= European Initiative for Sustainable Development in Agriculture =

Group of seven national associations

The European Initiative for Sustainable Development in Agriculture (EISA) e.V. is an organisation of national agricultural associations from seven Member States of the European Union as full members and six European organisations of the farm supply chain as associated members. EISA aims at the further development of integrated farming in Europe and at a growing implementation of integrated farming throughout European agriculture.

== Organisation and Members ==
EISA e.V. was founded in Bonn, Germany, in 2001 according to German association law.

Member organisations include:
- France (FARRE, Forum des Agriculteurs Responsables Respectueux de l'Environnement)
- Luxembourg (FILL, Förderverein Integrierte Landbewirtschaftung Luxemburg)
- Germany (FML, Forum Moderne Landwirtschaft e.V.)
- Hungary (GOSZ, Grain Producers' Association-Hungary)
- United Kingdom (LEAF, Linking Environment And Farming)
- Sweden (OiB, Odling i Balans)
- The Netherlands (Skylark Foundation, Stichting Veldleeuwerik)

ECPA (European Crop Protection Association), ELO (European Landowners Organization), FEFAC (European Feed Manufacturers' Federation), Fertilizers Europe, IFAH-Europe (International Federation of Animal Health-Europe) as well as SAI-Platform (Sustainable Agriculture Initiative Platform) are associated EISA members.

== Purpose ==
The purpose of the Association is:
- to establish and promote dialogue on sustainable agriculture,
- to support and develop sustainable agriculture at European level through the implementation of integrated farming,
- to bring together a broad range of organisations in Europe to support and develop sustainable agriculture as well as practical, progressive and modern farming methods.
The "EISA Integrated Farming Framework" is one focal point of the organisation's activities. Further activities include intensive participation in European stakeholder dialogues and workshops as well as publicity measures on integrated farming on the European level.

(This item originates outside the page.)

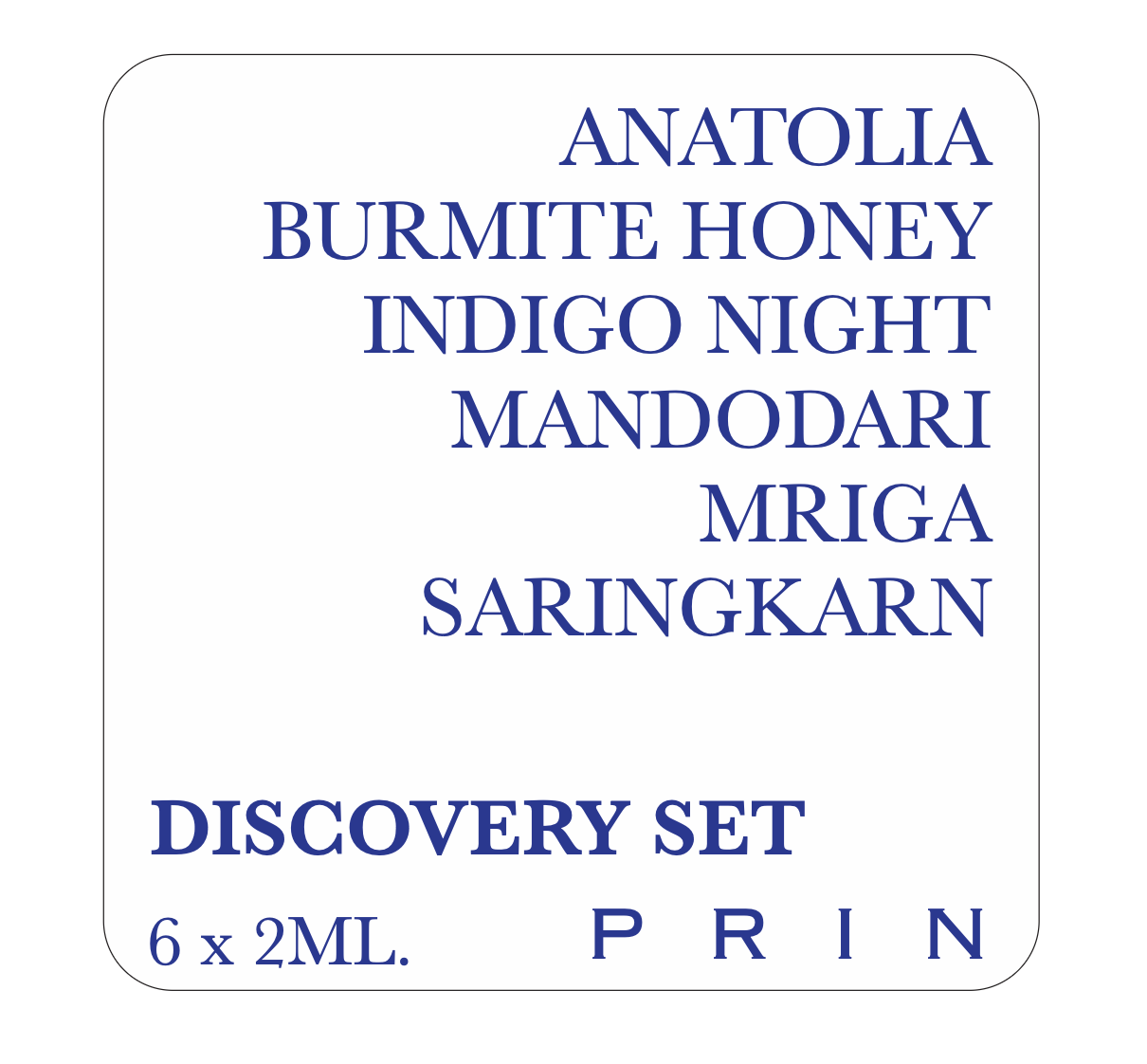 PRIN Discovery set No.1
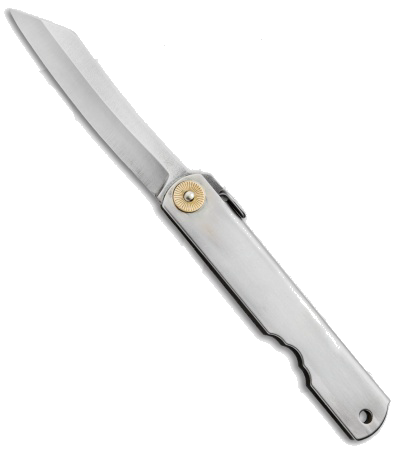 product image for Nagao-Higonokami Silver Stainless Steel VG-10 Friction Folder Knife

== EISA Integrated Farming Framework ==
A first working paper on such a European definition and characterisation of integrated farming was presented by EISA in July 2003. Following discussions with a wide range of European experts, a second draft was published in November 2005, and the fine-tuned full paper in September 2006. However, following EISA's understanding of integrated farming as an equally holistic and dynamic system, EISA members have decided to review and update the framework on a regular basis. Updated versions were since presented in September 2009 and in February 2012.

In this detailed guideline, integrated farming is characterised as sustainable production system which allows farmers to optimise their farm management, to raise further awareness and continually improve everyday practice on farm in order to meet future environmental, economic and social challenges and hence achieve parallel progress in all dimensions of sustainable development.

== Publications ==
- EISA – A Common Codex for Integrated Farming;
- ilu & EISA – Indicators for a Sustainable Development in Agriculture, 2002;
- ilu & EISA – Strategies for Sustainability from an Economic Point of View, 2002;
- EISA – Success Stories of Integrated Farming in Europe, 2004;
- EISA – EISA Integrated Farming Framework, 2012;
- EISA – Sustainable Agriculture: What is it all about? 2012;
- Fertilizers Europe & EISA – Integrated Farming, A holistic system, 2013.